ワクチンの副反応で、関節痛がして体調がよくない。自宅で静養していても、本を読んだりする集中力がない。ふと思いついて、ネットで映画を観ることにした。映画のビデオなら特別な集中力がいらないし、体調の不調を一時忘れることもできるだろう。
ネットの契約でたくさんの映画を観ることができるのだが、このところ映画のビデオを観るという習慣を失っている。もともと小説を読むよりずっと僕には近しい行為だったのだけど。
なんとなく直感で『ライフ』という2017年公開のSF映画を選んだ。地球を周回する軌道上の宇宙ステーションが舞台。そこに火星から生命を含んだ土壌のサンプルが届けられる。以下ネタバレあり。初めクルーは宇宙生命という歴史的な発見に喜ぶが、その生命体は急速に成長し狂暴化して、一人一人の命を奪っていく。
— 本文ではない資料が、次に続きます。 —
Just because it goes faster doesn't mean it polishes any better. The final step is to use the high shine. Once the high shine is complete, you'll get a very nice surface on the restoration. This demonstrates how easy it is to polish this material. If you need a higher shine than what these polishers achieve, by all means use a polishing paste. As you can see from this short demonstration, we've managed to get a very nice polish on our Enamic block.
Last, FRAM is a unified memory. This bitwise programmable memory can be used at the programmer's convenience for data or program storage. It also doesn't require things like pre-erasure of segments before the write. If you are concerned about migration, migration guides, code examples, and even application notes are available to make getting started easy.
宇宙ステーションという密室の中で、限られた空気、水、燃料という生存条件が失われていき、人間の劣勢が明らかになる。最後の砦は、この外敵を地球に侵入させないこと。そのために残された二人は自己犠牲的な決断をする。その試みが成功したかに思えてホッとした瞬間、SFホラーで定番のどんでん返しがある。
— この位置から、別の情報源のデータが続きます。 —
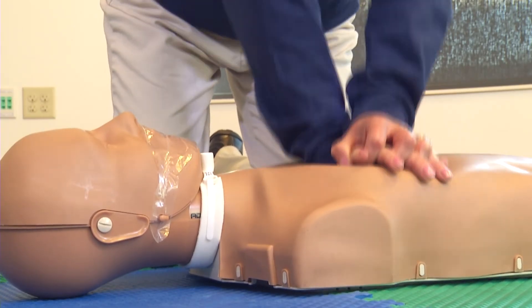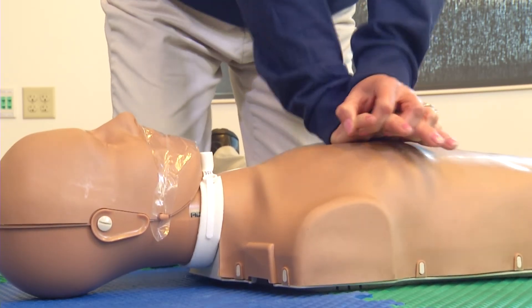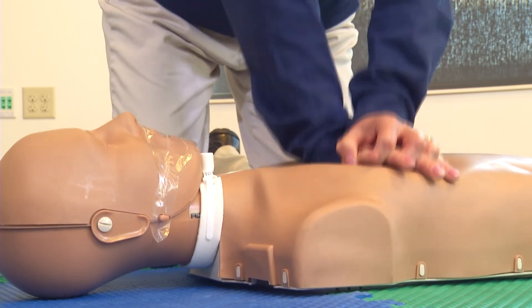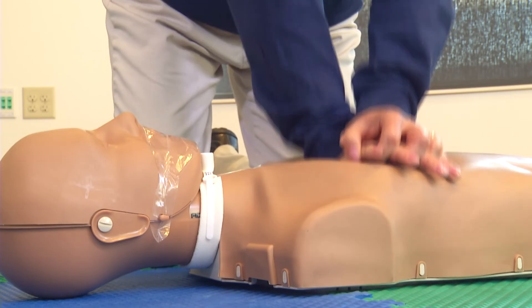1, 2, 3, 4, 5, 6, 7, 8, 9, 10, 12, 13, 14, 15, 16, 17, 18, 19, 20, 21, 22, 23, 24, 25, 26, 27, 28, 29, 30.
いつかどこかで見たことがあるような定番のストーリー展開は地味だけれども、王道の良さはある。宇宙ステーション内部の無重力の様子や機材などが、従来になくリアルに撮られているのが売りかもしれない。カメラは、常に物語の核心の場面を写してくれるから、観る側はその臨場感から気持ちをそらすことができない。
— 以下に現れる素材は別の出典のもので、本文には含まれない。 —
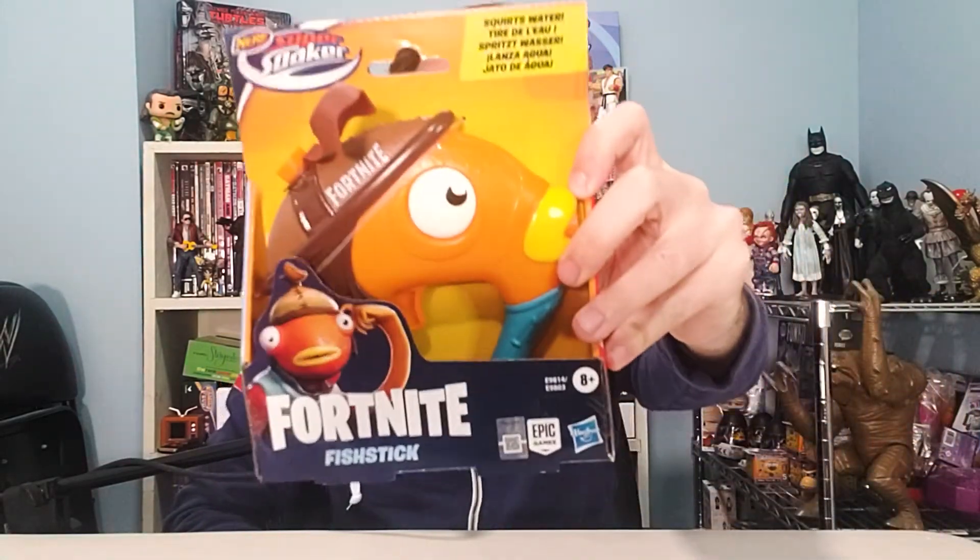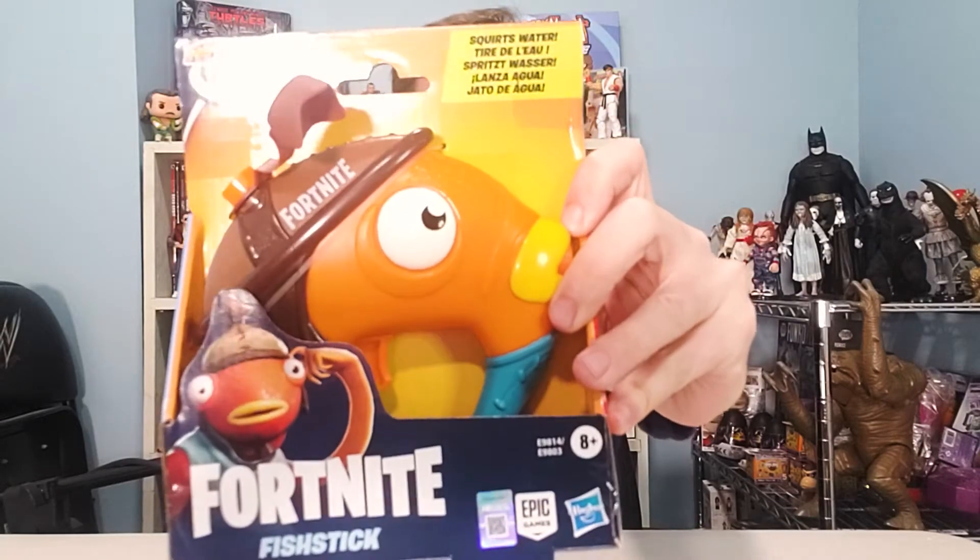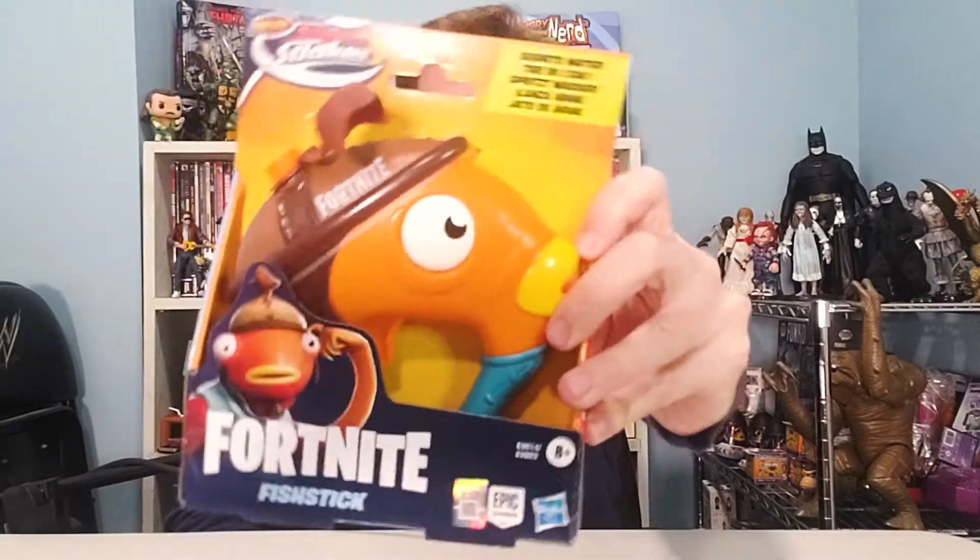On this episode of Scott vs. Box, I open up the Nerf Super Soaker Fortnite Fishstick Water Blaster, sent to me by Nerf.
暗く絶望的な「密室」の中に観る者を閉じ込めて、気持ちを覚めさせないことに全力をあげているといえる。脱出用の宇宙船の発射という場面のあとで、初めてカメラは場面の核心から遠ざかるが、解放の気分にひたる観客には、それが不自然には感じられない。そこに、最後のどんでん返しを仕込む余地が生じるのだ。